1. ## sequences with factor'ials?

confirm is this one divergent?

inf x!
sum ------------------------
x=1 1 * 3 * 5 ... ( 2 x -1)

I said that we should start by replacing all n with n+1

Then we multiply an+1 by the reciprocal of an

That leads me to a messy fraction.

I get all messed up with a fraction that looks like:

(x+1)(2x-1)
-----------
2x+1

I come up with the series is divergent but due to abs value of ratio an+1 to an.

How do you solve this so the fraction obtained after the reciprocal is one that is easily taken a limit of to determine divergence or convergence?

2. Originally Posted by orendacl
confirm is this one divergent?

inf x!
sum ------------------------
x=1 1 * 3 * 5 ... ( 2 x -1)

I said that we should start by replacing all n with n+1

Then we multiply an+1 by the reciprocal of an

That leads me to a messy fraction.

I get all messed up with a fraction that looks like:

(x+1)(2x-1)
-----------
2x+1

I come up with the series is divergent but due to abs value of ratio an+1 to an.

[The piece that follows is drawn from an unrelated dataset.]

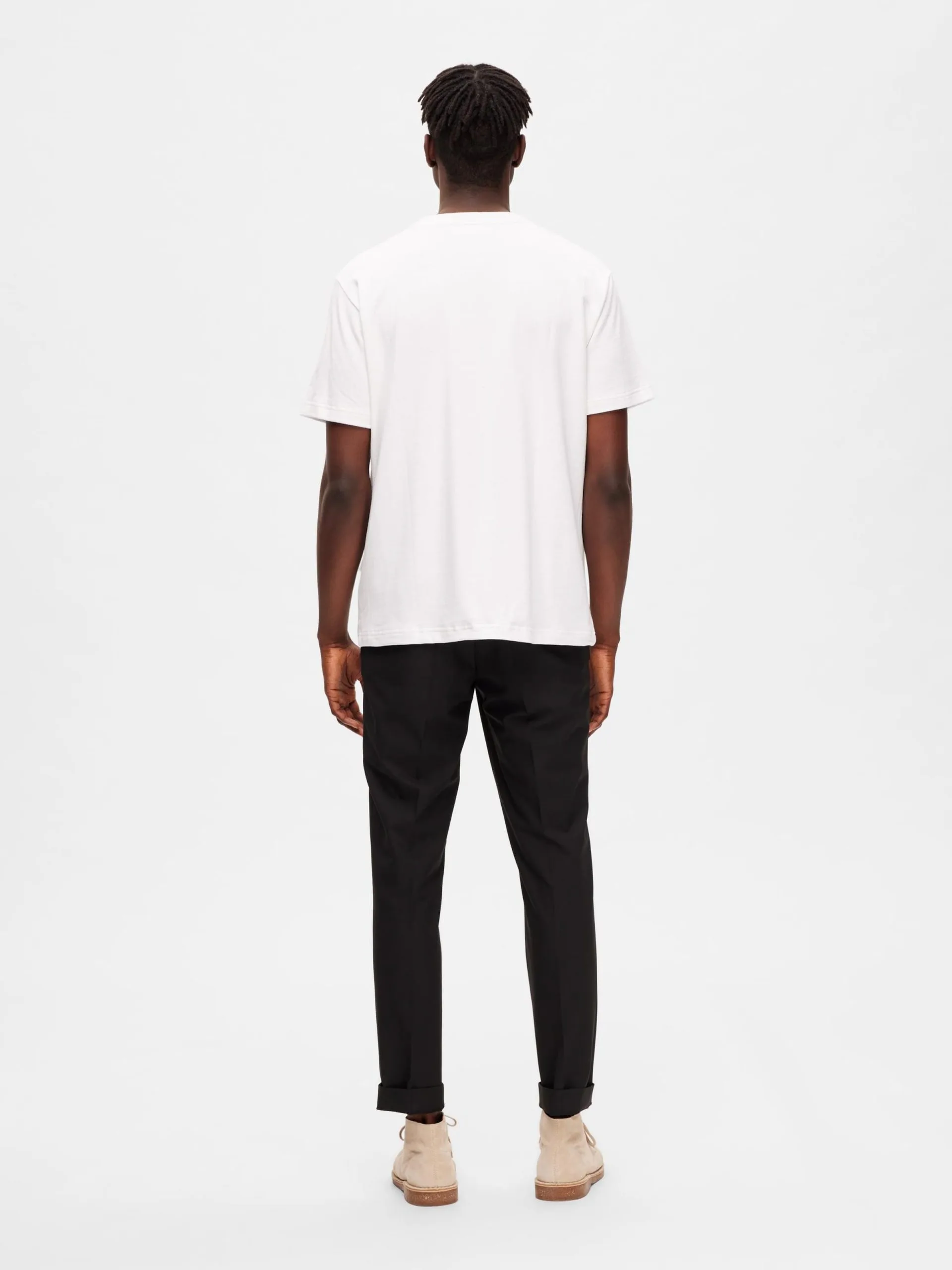 Selected Homme T-shirts Shirt Relax Soon Heren Offwhite 5 Selected Homme T-shirts Shirt Relax Soon Heren Offwhite - Afbeelding 3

How do you solve this so the fraction obtained after the reciprocal is one that is easily taken a limit of to determine divergence or convergence?
Ratio test.

$\lim_{n \to \infty}\bigg{|} \frac{a_{n+1}}{a_n} \bigg{|}$

$= \lim_{n \to \infty}\bigg{|} \frac{(x+1)! \cdot (1 \cdot 3 \cdot 5 \cdot \dots \cdot (2x-1)}{x! \cdot (1 \cdot 3 \cdot 5 \cdot \dots \cdot (2x+1)} \bigg{|}$

$= \lim_{n \to \infty}\bigg{|} \frac{x+1}{2x(2x+1)} \bigg{|}$

$= \lim_{n \to \infty}\bigg{|} \frac{x+1}{4x^2 + 2x} \bigg{|} < 1$. Hence converges.

In fact, I think it converges to...

$1 + \frac{\pi}{2}$...